Reflections In Rome -- By: James Lindsay
Journal: Bibliotheca Sacra
Volume: BSAC 65:260 (Oct 1908)
Article: Reflections In Rome
Author: James Lindsay
BSac 65:260 (Oct 1908) p. 711
Reflections In Rome
No city ministers so much to thought and meditation, to instruction and veneration, as does Rome. To every people and nation, indeed, the history and monuments of Urbs Roma minister in unique and signal ways. The associations of Rome are overpowering in character, as well as in number. They crowd upon the mind at every turn and step: here are colossal ruins of wrecked perfection; there are basilicas, palaces, and towers, that teem with suggestions of suffering, pathos, and heroism, beyond the power of words to describe: everywhere indelible traces of a past, peerless and unparalleled. The origin of Rome—the date of her foundation!—is shrouded in mythological haze, which archaeologists and historians alike have in vain sought to penetrate. The life of the Eternal City has, historically, been one of change, from the time when the brooding East overcame the militant West, and that imperium Romanum, which to a Nietzsche is still type of all that is admirable, was broken, up to this day; its position, geologically, has been in the center of a volcanic region, the extinction of whose fires is comparatively recent. But no city could have been more fortunate in her site than Rome, with her seven Pliocene hills, suited as it preeminently was to the races that dwelt in and around her. Rome, city of cypress and palm, of pine and acanthus, of orange and oleander, of odoriferous blossom
BSac 65:260 (Oct 1908) p. 712
and juicy vine, of pillared dome and silvery fountain, of portico and column and nymph and triton, of graceful arch, discrowned mausoleum, and colossal aqueduct, teems with life in the present no less than with glories of the past.
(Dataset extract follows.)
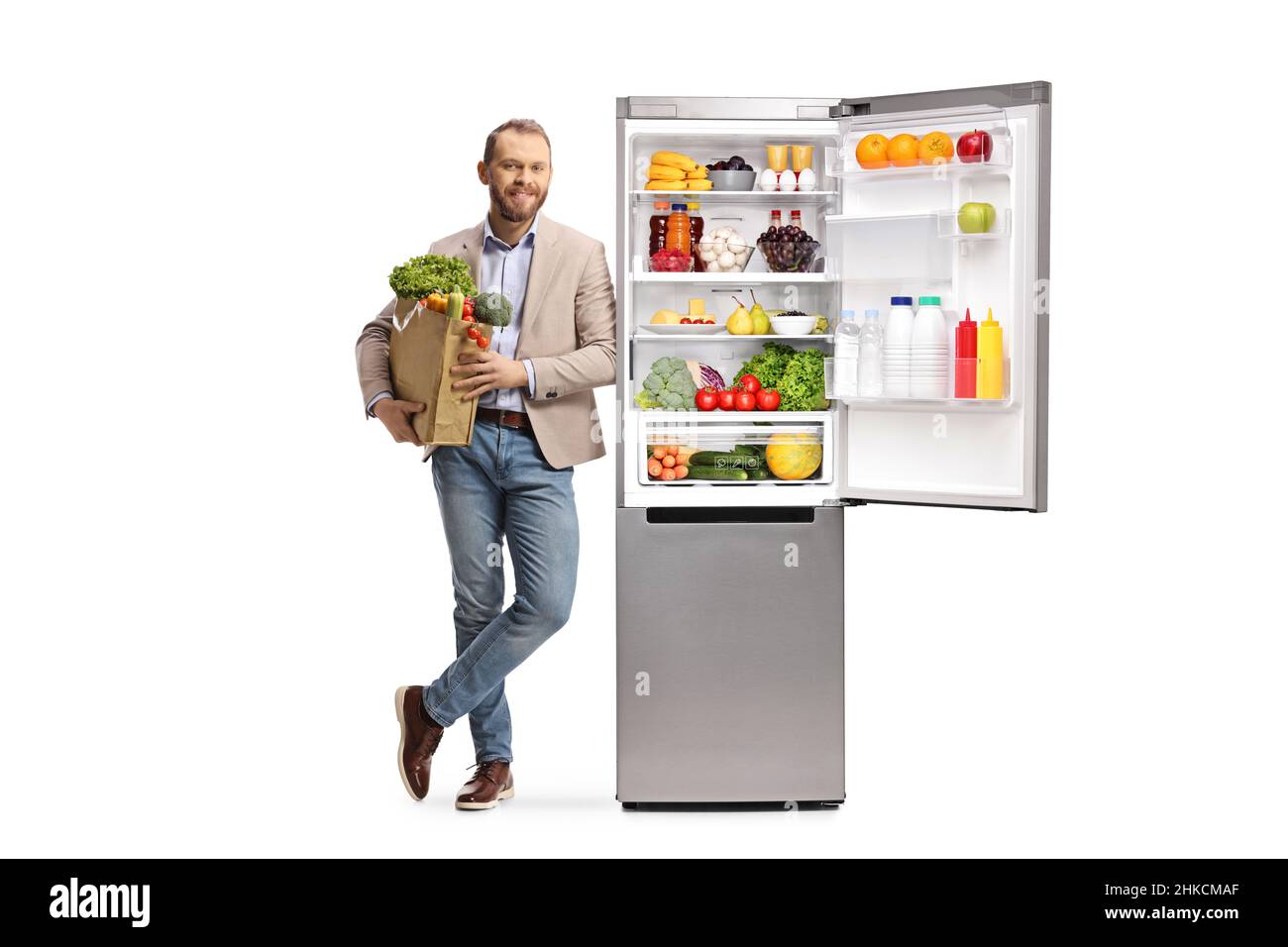 Porträt eines jungen, zwanglosen Mannes, der eine Einkaufstasche in der Hand hält und sich auf einen Kühlschrank stützt, wobei gesunde Lebensmittel auf weißem Hintergrund isoliert sind Stockfoto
From the Janiculum Hill, the panoramic view is magnificent, reaching, as it does, over not only the Eternal City itself, but also over the broad undulating plain of the deserted Campagna, with the Etruscan Hills and Mount Soracte on the left, the Sabine Mountains in front, and the Alban Hills on the right. The ascent to the Janiculum is made by the Via Garibaldi, which, with the monument to Garibaldi, testifies to the honor in which this national hero is held, as does the Via Cavour to the city’s appreciation of Cavour’s genius. These twain, but not without Mazzini, were the regenerators of Italy. The Capitol, with its temples, carries abounding fascinating associations with the government and institutions of ancient Rome. The sacred buildings on the Capitoline Horace calls the sacras arces.1 Capitol, Palatine, and Forum, where varied civilizations were cradled, and power, pomp, and pleasure bore sway, have all perished, leaving thought and memory to muse and learn from their decl...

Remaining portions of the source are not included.